▶ Exercise prompt
Reproduce the lines below exactly. Skip images.

▶ Data extract
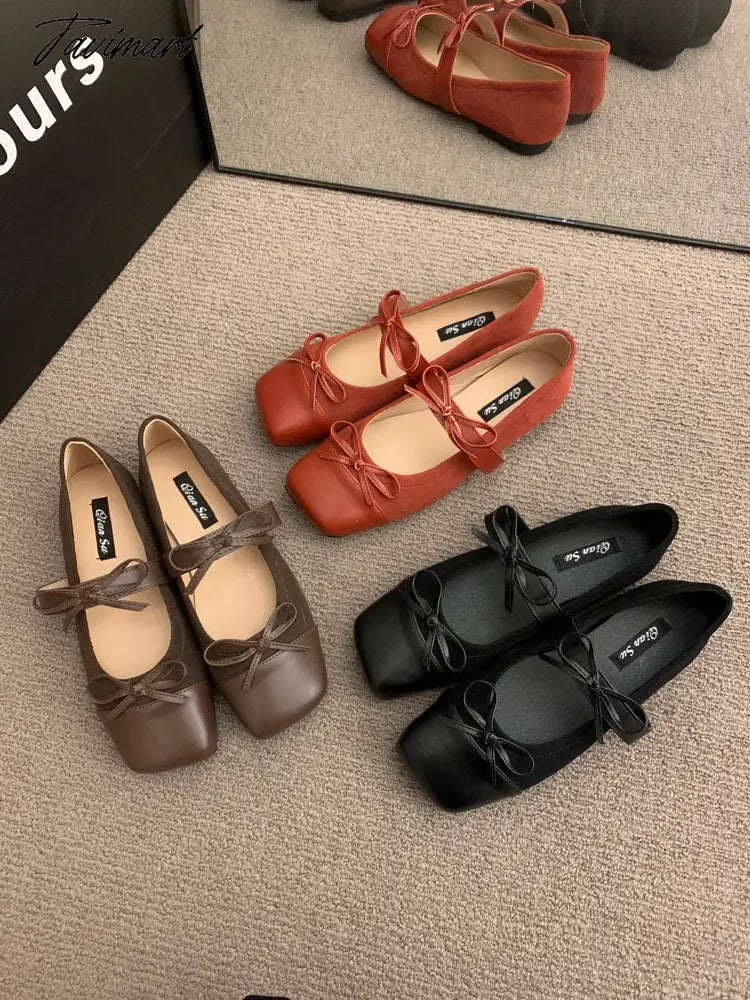 vzyzv -  Mary Jane Shoes Square Toe Women's Shoes Bowknot Ballet Flats 2024 Spring/Autumn Flats Women Shoes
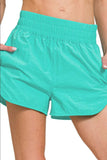 Zenana Windbreaker Smocked Waistband Running Shorts - Trendsi - Flyclothing LLC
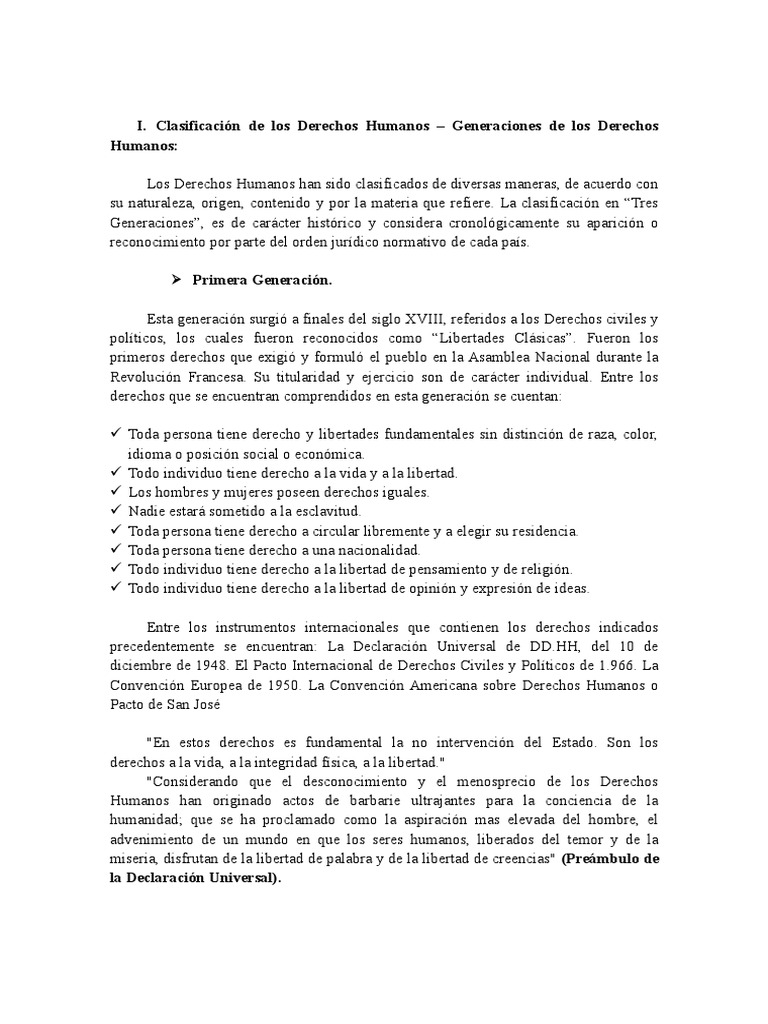 Generaciones de Los Derechos Humanos | PDF | Derechos | Derechos ...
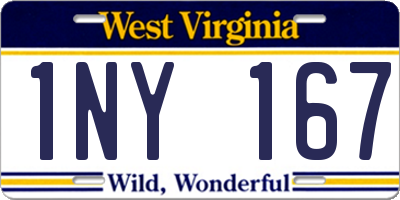 WV license plate 1NY167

▶ Exercise solution
 vzyzv -  Mary Jane Shoes Square Toe Women's Shoes Bowknot Ballet Flats 2024 Spring/Autumn Flats Women Shoes
 Zenana Windbreaker Smocked Waistband Running Shorts - Trendsi - Flyclothing LLC
 Generaciones de Los Derechos Humanos | PDF | Derechos | Derechos ...
 WV license plate 1NY167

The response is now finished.